Statue of Gandhi leading his first group of followers. 

Today, India is an important modern civilization, with some unique challenges.  The country is about one-third the size of the United States, but it has slightly more than four times as many people.  In fact, in 2022 India, with its 1.4 billion people, passed up China as the most populous country in the world.  It is on its way to becoming the third-largest economy in the world, although it still struggles with immense poverty and social stratification.  The United States maintains a friendly relationship with India, but India’s powerful Prime Minister, Narendra Modi, also maintains close ties with Vladimir Putin.  The population is about 75% Hindu, but there have been recent, and sometimes violent, tensions between the Hindus and the 14% of the population that is Muslim.  My previously held views of Modi, whom I had viewed as authoritarian and intolerant, were challenged on this trip by our guides, who were unanimously strongly supportive of him, saying that he has done great good for the people of India.  I will reserve judgment but look forward to watching India’s story more closely in the future.


OK!  I think that's enough school-teacher history!  Upcoming posts will dive into the rich culture of India.



Annis said...

Wow, Joan!

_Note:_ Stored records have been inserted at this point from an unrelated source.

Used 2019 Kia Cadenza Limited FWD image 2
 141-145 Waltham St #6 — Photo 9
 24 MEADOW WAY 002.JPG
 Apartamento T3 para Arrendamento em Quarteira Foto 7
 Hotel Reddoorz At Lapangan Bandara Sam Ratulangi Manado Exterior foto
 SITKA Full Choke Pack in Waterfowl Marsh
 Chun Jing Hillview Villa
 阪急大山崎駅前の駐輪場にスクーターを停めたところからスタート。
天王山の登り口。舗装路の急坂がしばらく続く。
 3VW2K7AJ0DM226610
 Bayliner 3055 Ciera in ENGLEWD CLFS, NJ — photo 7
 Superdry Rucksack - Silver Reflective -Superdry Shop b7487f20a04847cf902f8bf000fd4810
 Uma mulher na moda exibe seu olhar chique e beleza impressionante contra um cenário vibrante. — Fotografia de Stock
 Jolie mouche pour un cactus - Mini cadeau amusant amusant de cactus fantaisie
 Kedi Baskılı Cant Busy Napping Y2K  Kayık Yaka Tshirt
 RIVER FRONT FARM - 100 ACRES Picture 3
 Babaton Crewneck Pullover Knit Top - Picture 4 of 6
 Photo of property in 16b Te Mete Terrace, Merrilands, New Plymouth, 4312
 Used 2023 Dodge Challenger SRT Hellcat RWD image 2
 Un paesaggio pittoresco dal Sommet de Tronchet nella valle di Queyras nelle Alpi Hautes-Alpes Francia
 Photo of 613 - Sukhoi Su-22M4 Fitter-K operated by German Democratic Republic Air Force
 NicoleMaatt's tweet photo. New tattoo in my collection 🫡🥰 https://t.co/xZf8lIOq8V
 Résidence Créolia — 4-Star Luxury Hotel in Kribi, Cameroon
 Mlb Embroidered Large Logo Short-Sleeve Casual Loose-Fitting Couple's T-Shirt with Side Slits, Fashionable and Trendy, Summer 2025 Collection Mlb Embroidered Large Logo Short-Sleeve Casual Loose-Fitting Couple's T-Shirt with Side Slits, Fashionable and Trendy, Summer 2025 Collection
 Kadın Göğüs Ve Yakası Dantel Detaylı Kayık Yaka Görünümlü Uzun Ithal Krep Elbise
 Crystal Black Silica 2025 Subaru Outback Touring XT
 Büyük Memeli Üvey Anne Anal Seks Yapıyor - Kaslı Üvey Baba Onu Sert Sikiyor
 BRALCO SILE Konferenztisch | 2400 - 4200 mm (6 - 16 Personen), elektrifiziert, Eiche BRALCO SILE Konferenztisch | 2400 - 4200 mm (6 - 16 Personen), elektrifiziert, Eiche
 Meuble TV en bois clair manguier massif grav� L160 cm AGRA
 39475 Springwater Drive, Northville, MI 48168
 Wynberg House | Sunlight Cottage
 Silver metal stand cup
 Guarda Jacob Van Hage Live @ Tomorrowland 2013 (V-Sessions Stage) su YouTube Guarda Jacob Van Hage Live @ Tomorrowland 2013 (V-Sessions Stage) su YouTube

Thank you so much. We resisted India for many of the same reasons you did and never made it there. Now I can see it through your and Rob's eyes and feel like I've been there. And, thanks for the history lesson! xoA <3

Joan Lindsay Kerr said...

Thanks, Annis! I am looking forward to sharing the upcoming posts about each of the cities we visited. Each one had its own special character, and there were so many jaw-dropping sights!